Actually 3 minutes is a pretty good response time to get a fire extinguisher onto a truss, its faster than the police or fire department here by a significant factor... I did notice a lot of hands on stage wandering around looking up like "well, nothing is going to get spread to by the fire, so its kind of contained... Well, we need to put that out... Look at the pretty fire!" type of look on them. I also loved the "it is going to burn thru all those wires! The whole thing will fall!" Is that a significant risk in this type of situation?


----------



## derekleffew (Jul 11, 2011)

shiben said:


> ...I also loved the "it is going to burn thru all those wires! The whole thing will fall!" Is that a significant risk in this type of situation?


It used to be, when only polyester round slings were used. Current practice is to use either GAC Flex, or back up the SpanSet with 3/8" steel cable. In a fire, the aluminum alloy truss will melt before the GAC.


----------



## chausman (Jul 11, 2011)

derekleffew said:


> It used to be, when only polyester round slings were used. Current practice is to use either GAC Flex, or back up the SpanSet with 3/8" steel cable. In a fire, the aluminum alloy truss will melt before the GAC.


 
That line still made me laugh though.


----------



## cmac (Jul 11, 2011)

> I see what Pie is getting at though. It looks like the power for the rig had been killed for some time, but that's not gonna stop that giant whatever from burning.



The power was NOT killed if SEVERAL MLs began doing whatever they wanted... even if the DMX was caught in the fire, that wouldn't somehow power the lights that went AWOL on SR. 

Also, I applaud the crew for how quickly they got the arena lights on, considering that someone was probably not sitting next to the switch. 

I think 3 minutes is an incredible response time to get an extinguisher as well!!! If we had the same problem, we would need to wait for someone to find a winch key, and would have to slowly winch the electric down to the stage (which takes 1.5-2 mins)... total time 4-5mins+


----------



## derekleffew (Jul 11, 2011)

PLSN-Rihanna Concert Fire PLSN by Debi Moen.


----------



## Footer (Jul 11, 2011)

derekleffew said:


> PLSN-Rihanna Concert Fire PLSN by Debi Moen.


 
At least the truss chair in question was over hung on the truss and not underneath. I could not imagine what would have happened if the person had to go down on a hoist/circus ladder. So the real question is, how did fabric and foam get into the air that did not comply to NFPA 701? Added to that, would NFPA 701 treated fabric and foam prevented this?


----------



## MarshallPope (Jul 12, 2011)

Also, WHO would want to be over the stage ANYWHERE near enough pyro for it to get to you?


----------



## Les (Jul 12, 2011)

cmac said:


> The power was NOT killed if SEVERAL MLs began doing whatever they wanted... even if the DMX was caught in the fire, that wouldn't somehow power the lights that went AWOL on SR.

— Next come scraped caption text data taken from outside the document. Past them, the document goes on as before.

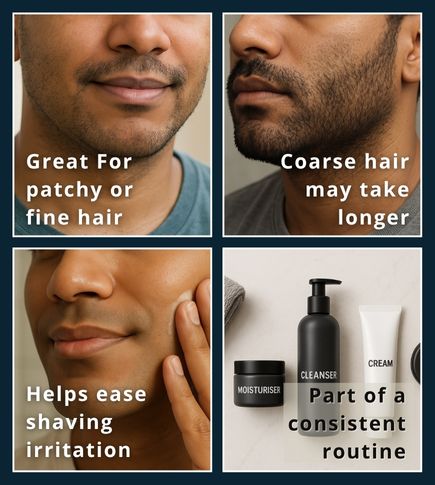 four image collage illustrating the range of results and, who Vaniqa is best suited for: Man with patchy or fine beard growth, representing who Vaniqa works best for Man with smooth, irritation-free skin after shaving, showing benefit of reduced regrowth Man with thick and coarse facial hair, where Vaniqa may take longer to work Skincare products including a cream tube, representing Vaniqa in a shaving routine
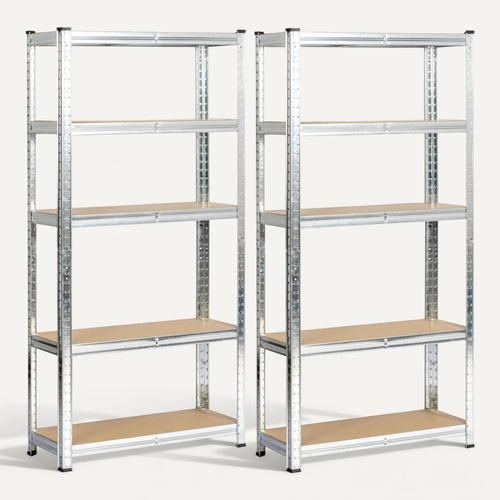 Lot De 2 Étagères Modulables 70 Cm Acier Galvanisé Charge Maximale 875kg - L70xp30xh154 Cm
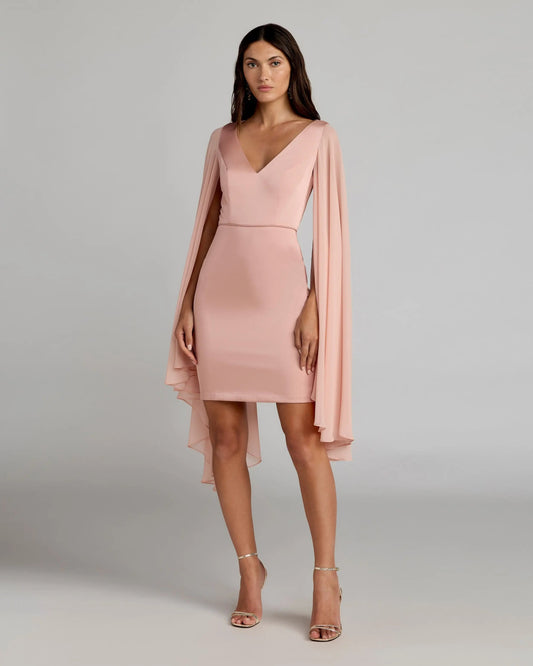 Pink V-Neck Cape Sleeve Mini Dress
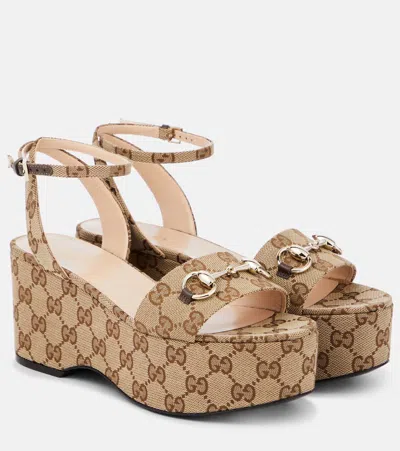 Gucci Horsebit Gg Canvas Platform Sandals In Beige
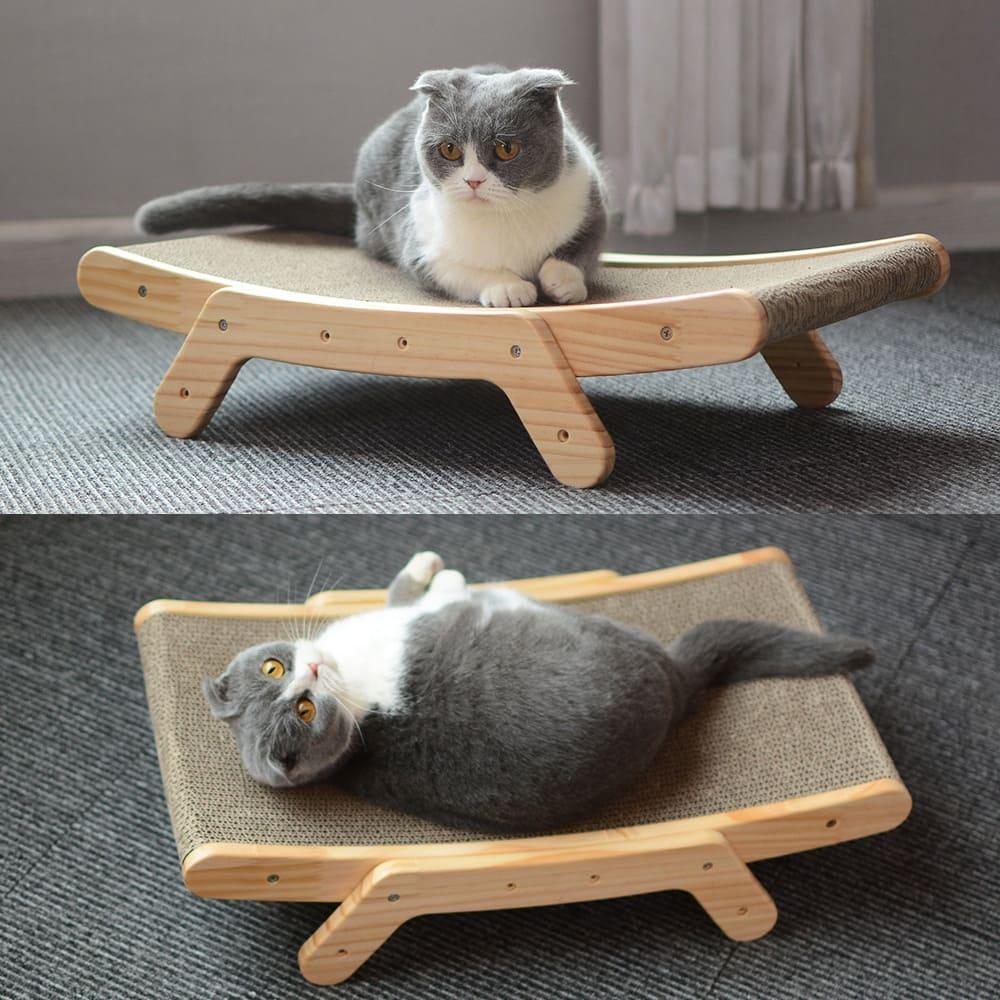 Wood Anti Cat Scratcher - 3-in-1 Cat Scratch Board Bed for Training and Nail Grinding - toys4pets.shop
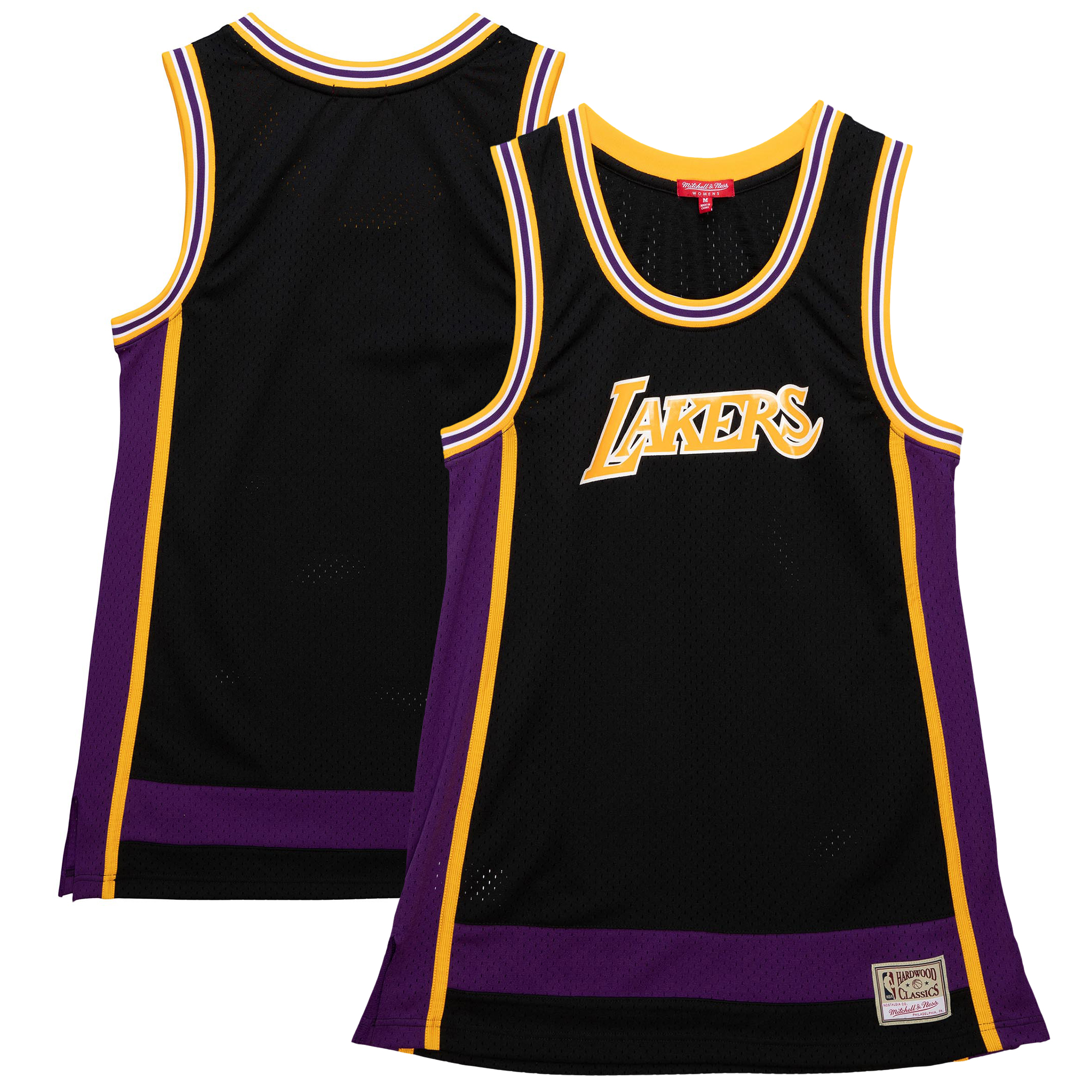 Women's Mitchell & Ness Black Los Angeles Lakers Hardwood Classics Oversize Mesh Tank Top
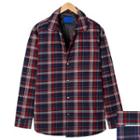 Couple Snap-button Padded Plaid Shirt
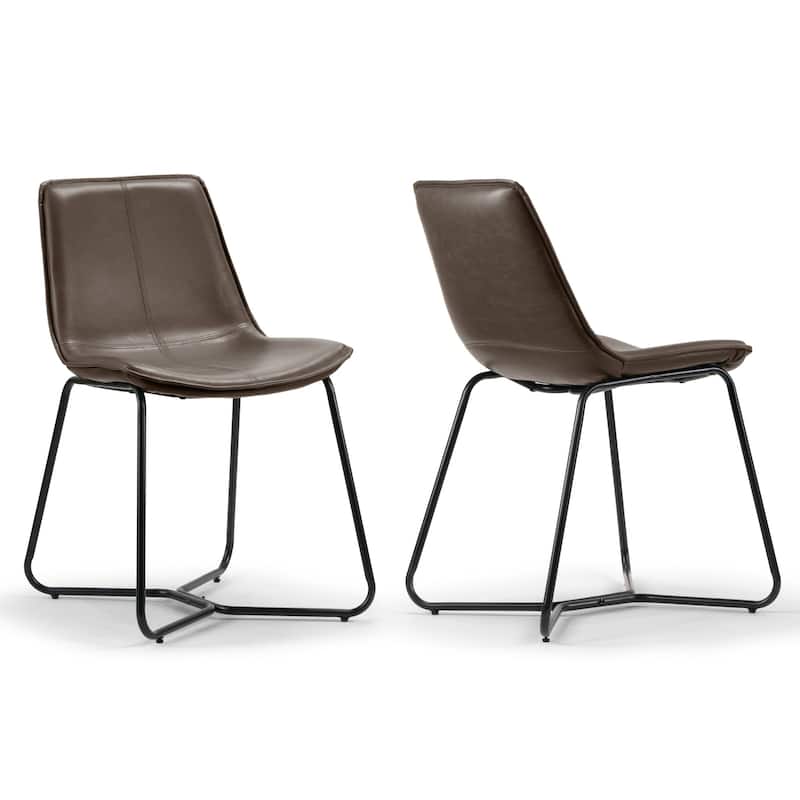 Set of 2 Amery Iron Frame Vintage Brown Faux Leather Dining Chair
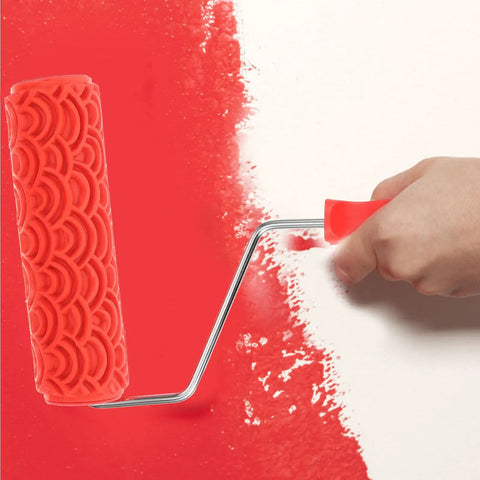 Rubber Texture Paint Roller For Easy Peasy Wall Embossing And Quick Home Reno Makeovers That Deck Out Your Space With Knockout Decorative Finishes And Zero Stress, red rubber roller applying paint.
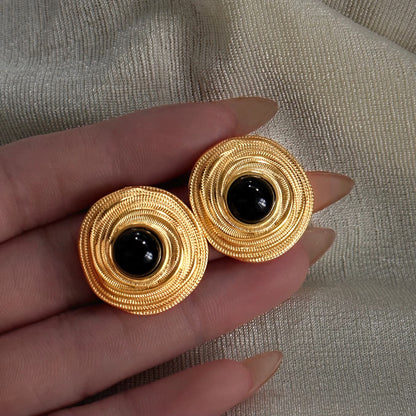 Onyx Round Golden Hoop Earrings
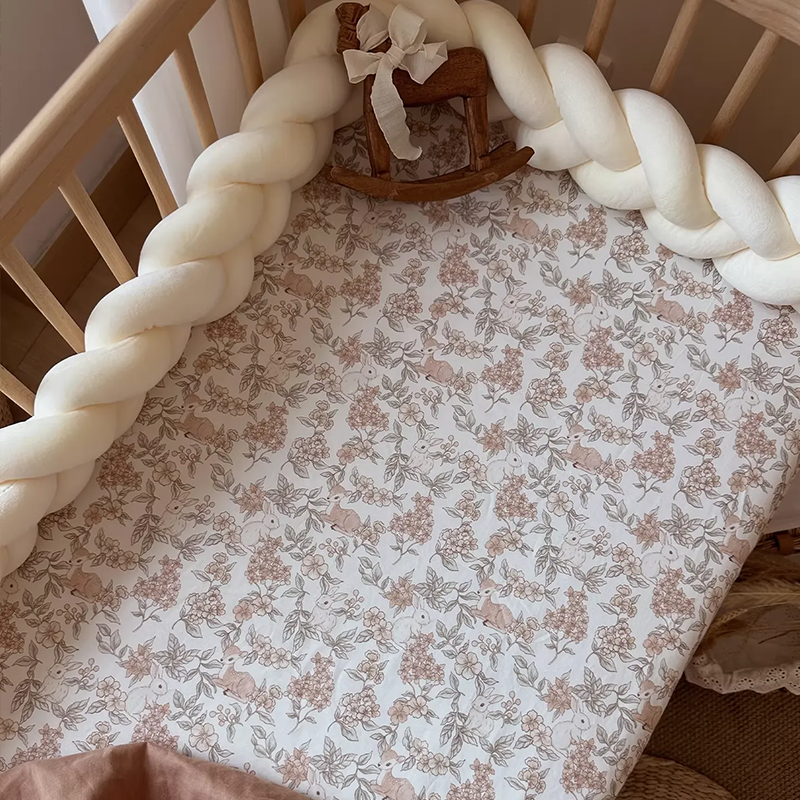 Customizable 100% Cotton Fitted Crib Sheet For Standard Crib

By "the rig", I meant the section on fire. I didn't see the _better_ video, but from the angle I saw, the section with the fire was either powered down or not doing anything. Either way, it's a moot point since it wasn't an electrical fire (though it could have ended up being one if this section of the rig was in fact live).
Edit: I watched the other video and I'm still somewhat inconclusive. Several other lights did go crazy, while others appeared to be lamped on (but doused), but they seemed to be on neighboring trusses. I couldn't tell with the truss in question due to the brightness of the fire. 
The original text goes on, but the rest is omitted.